Despite Travis developing into an elite player, Stanford struggled as a whole. The Cardinal went 14-17 for the season, and only 6-12 in conference play. Stanford was far from the most talented team in the conference, but the team was not bad enough to where it should have finished ninth in the Pac-12. Stanford will have higher expectations going into next season with a top 15 recruiting class to surround Travis. This will allow him to keep his numbers high without having to carry the full load, while also leading the team to more victories.
Travis does have the potential to be an NBA talent, but he does have some glaring holes in his game that should definitely not be overlooked. The first being that he is not much of a rim protector at all, only finishing the season with 5 total blocked shots. The other main issue is that he doesn’t stretch the floor. He rarely takes jumpers, and when he does, he only hits 39 percent of them. At 6-foot-8, this likely won’t be too much of a hindrance at the collegiate level, but if he elects to go pro, he could have a difficult time adjusting.

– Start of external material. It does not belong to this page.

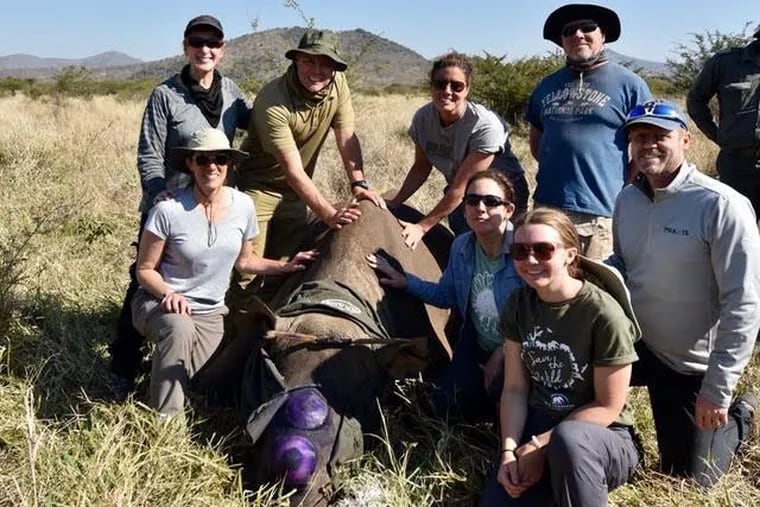 The PARCA group with the rhino they helped to dehorn at the Manyoni Private Game Reserve in South Africa.
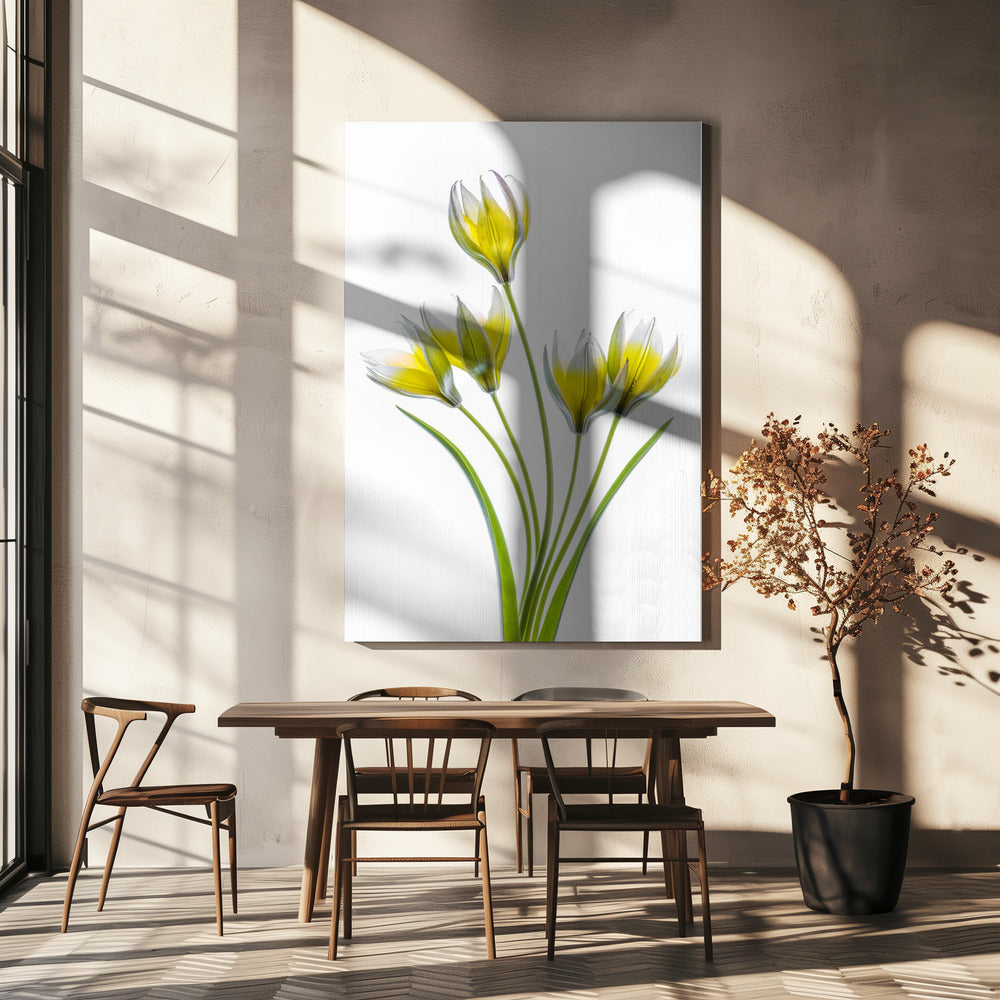 Tulipa | Leinwand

True to form in Stanford athletics, Reid Travis was one of the most underrated players in the Pac-12 last season. Statistically speaking, he was easily a top ten, arguably a top five player in the conference. The only real knock on him was that his elite play was not adding up to wins, which wasn’t really his fault because Stanford had little depth outside the starting lineup or even its stars. With a far more talented team going into next season, the wins will start to pile up for Stanford, and Travis won’t be slept on anymore.